Using clickers in Peer Instruction may also provide additional advantages such as the
following four. First, the exact distribution of answers can be obtained at a glance.
Indeed, clicker software yields a histogram with exact percentage values for each answer,
relieving the need to count or ‘guestimate’ the number of raised flashcards. Second,
clickers allow students to participate anonymously since only conglomerated data is
included in the histogram. Thus, students need not feel that they will look silly in the eyes
of their instructor or peers by choosing some answer, and can therefore participate fully
and freely. Third, clickers allow students to enter their level of confidence -High,
Medium, Low- for each selected answer. This allows instructors to gauge not only the
conceptual change in their students by the evolution of their students’ confidence with
respect to different concepts. Finally, students are engaged in what seems to be an
academic emulation of the TV show: “who wants to be a millionaire” and some
instructors have reported increased attendance with the use of clickers.
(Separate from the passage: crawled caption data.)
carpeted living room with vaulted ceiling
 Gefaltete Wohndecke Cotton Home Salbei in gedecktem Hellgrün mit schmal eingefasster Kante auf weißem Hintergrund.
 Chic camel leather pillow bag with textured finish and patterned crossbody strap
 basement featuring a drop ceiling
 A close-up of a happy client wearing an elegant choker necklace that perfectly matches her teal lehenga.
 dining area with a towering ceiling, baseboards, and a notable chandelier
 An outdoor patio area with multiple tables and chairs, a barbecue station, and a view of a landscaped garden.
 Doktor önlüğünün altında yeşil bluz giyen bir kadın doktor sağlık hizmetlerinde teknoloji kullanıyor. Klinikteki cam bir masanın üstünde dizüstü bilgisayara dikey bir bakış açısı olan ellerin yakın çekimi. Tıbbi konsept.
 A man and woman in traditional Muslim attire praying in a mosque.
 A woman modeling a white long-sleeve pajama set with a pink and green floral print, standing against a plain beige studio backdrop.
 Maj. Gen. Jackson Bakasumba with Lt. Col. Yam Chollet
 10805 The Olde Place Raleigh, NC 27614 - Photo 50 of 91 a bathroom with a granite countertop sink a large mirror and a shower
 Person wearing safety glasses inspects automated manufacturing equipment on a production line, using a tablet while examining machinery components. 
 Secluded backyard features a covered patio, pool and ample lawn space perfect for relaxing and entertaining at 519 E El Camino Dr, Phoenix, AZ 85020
Using Peer Instruction: An implementation algorithm
Peer Instruction is a student-centered approach which is highly interactive. In any
given Peer Instruction class, the next instructional step depends on students responses, as
content delivery is tailored to student understanding. The general procedure begins with
a brief lecture (≈10min) and is followed by a ConcepTest. What happens next in class
depends on student feedback. An implementation algorithm is presented below.
If the concept is poorly understood (< 35% of correct answers), the instructor will revisit
the concept and explain further before resubmitting the ConcepTest to the group.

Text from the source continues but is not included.